Lyten bought Northvolt’s lithium-metal battery cell production plant in California’s Silicon Valley in April, which the company claimed enabled it to create a US supply chain for battery-grade materials.
“We plan to immediately restart operations in Poland and deliver on existing and new customer orders,” Lyten CEO and co-founder Dan Cook said, adding that the plant would “combine Silicon Valley technology with Polish engineering and operations talent to export next generation energy storage technology to customers worldwide.”
So far, Lyten’s products have not yet been used in BESS applications. It has shipped lithium-sulfur batteries for use in drones, at the International Space Station and for a concept vehicle designed by one of its investors, the automotive OEM Stellantis.
However, the startup considers that Li-S’s characteristics could make it suitable for stationary BESS, including a broad operating temperature range, improved safety over Li-ion, and the use of abundant, low-cost materials that could be sourced in Europe or the US.
“The message we are hearing clearly from European customers is that they want energy storage systems manufactured in Europe using locally sourced supply chains free of geopolitical risk,” Lyten chairman and co-founder Lars Herlitz said of the Northvolt deal.
Back and forth dynamic of US-Europe battery industry investment
Considered Europe’s most-funded lithium-ion (Li-ion) battery startup, Northvolt had announced its intent to focus on cell production only and divest its other assets, including its electric mobility, heavy industrial systems and BESS product lines, shortly before the Chapter 11 filing.
It later declared bankruptcy in Sweden in March, shortly after the sale of its industrial division to truck manufacturer Scania.
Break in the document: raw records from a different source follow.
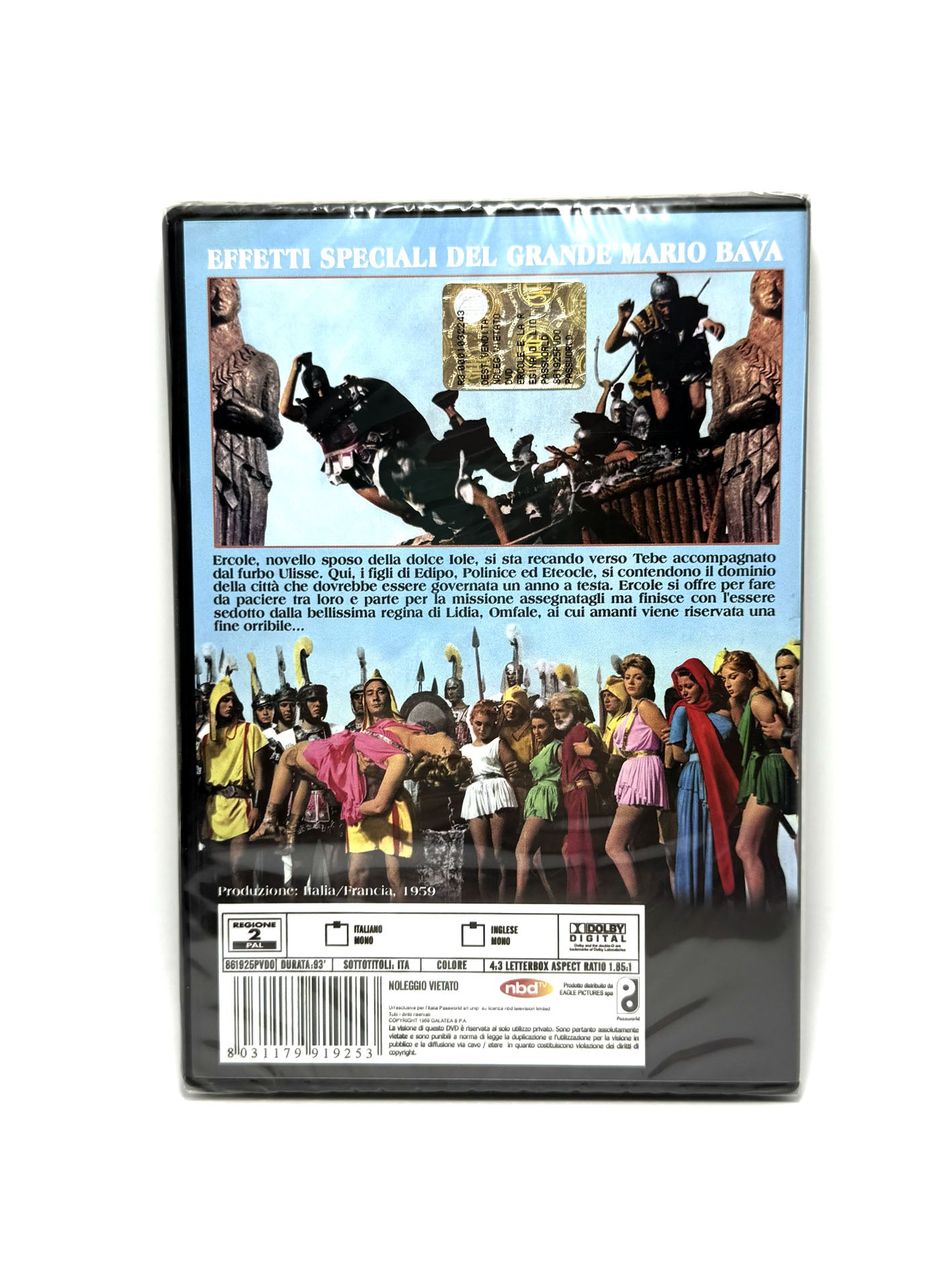 Ercole e la regina di Lidia DVD Film Movie Cult Steve Reeves Sylva Koscina Mario Bava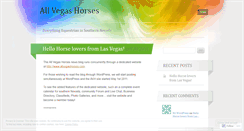 Desktop Screenshot of lasvegashorses.wordpress.com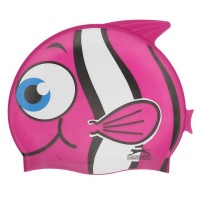 Slazenger Kids Fun Silicone Cap - Pink Fish Photo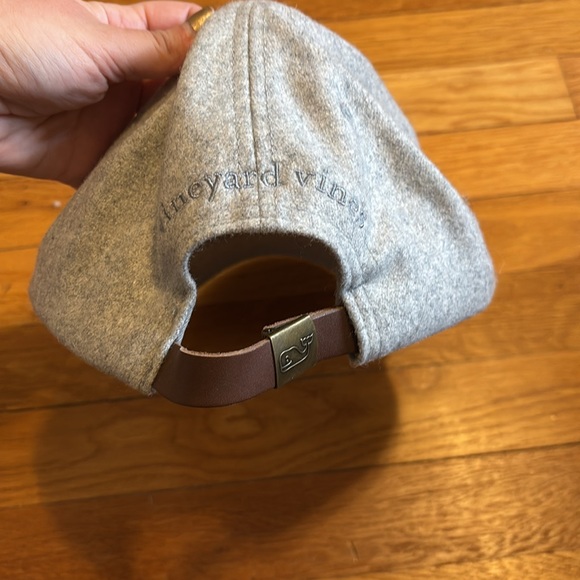 Vineyard Vines hat baseball cap gray wool NWOT - Picture 3 of 3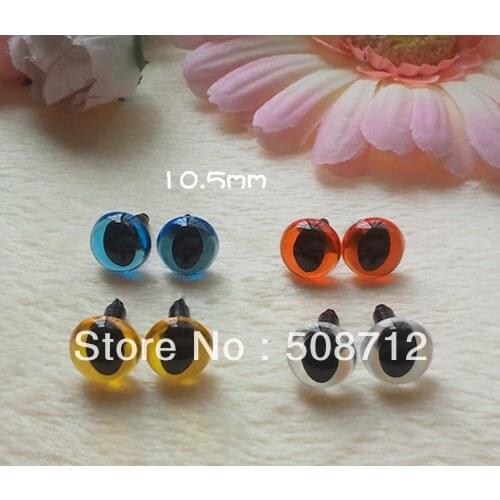 Fress ship!!! DTO0001 10.5mm 4colors can choose Stuffed Animal Teddy Bear Eyes w/ Black Centers Washers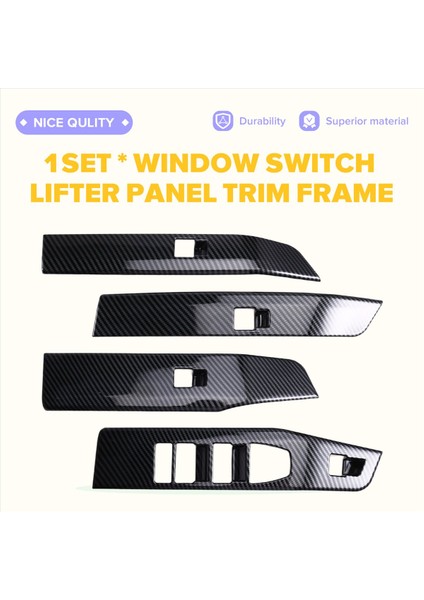 Araba Penceresi Anahtarı Kaldırıcı Panel Trim Çerçeve Kapak Bmw Için Iç Aksesuarlar X3 G48 G45 2025- (Yurt Dışından) fırsatları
While initially it was thought Scania had also purchased the Polish BESS production plant, Lyten has instead swooped for that.
Terms of either deal have not been disclosed and Lyten-Northvolt aim to close the latest transaction in the third quarter of this year.
“Northvolt set out to lead the sustainable development of Europe’s battery industry,” Northvolt Poland CEO Robert Chryc-Gawrychowski said.
“Lyten is carrying that mission forward with BESS manufacturing and the introduction of lithium-sulfur batteries in Europe, which replaces minerals like nickel, cobalt, manganese, and graphite, with locally abundant battery materials.”

A few years ago, Northvolt and other European manufacturers had looked to be establishing a foothold in the battery manufacturing space before the US Bipartisan Infrastructure Law and Inflation Reduction Act swung the pendulum toward the US.
Analysts’ maps had shown dozens of planned gigafactories in Europe in the late 2010s. Then, the Biden administration’s focus on stimulating investment in manufacturing meant that analysts were instead putting pins in maps of the US instead in the early 2020s.
In late 2022, Benchmark Minerals Intelligence analyst Evan Hartley told Energy-Storage.news that, following the passing of the Inflation Reduction Act, US gigafactory plans were growing at twice the rate of Europe’s.
In light of changes in industrial and foreign trade policy under the Trump administration, it will be interesting to see where investments now begin to land: Lyten is hoping to leverage a ‘Made in US’ supply chain domestically and a similar strategy in Europe.
The company sees the growth of electricity demand to power AI data centres underpinning its business case and in December received a US$650 million letter of intent (LOI) for funding through the Export Import Bank of the US (EXIM) to advance its battery manufacturing and BESS businesses in emerging markets.
Meanwhile, executives from European battery companies Elinor and Volklec told ESN Premium earlier this year that, faced with stiff competition from China’s battery manufacturers, which already dominate the global market, their strategies were to partner on technologies and manufacturing with Chinese players (Premium access).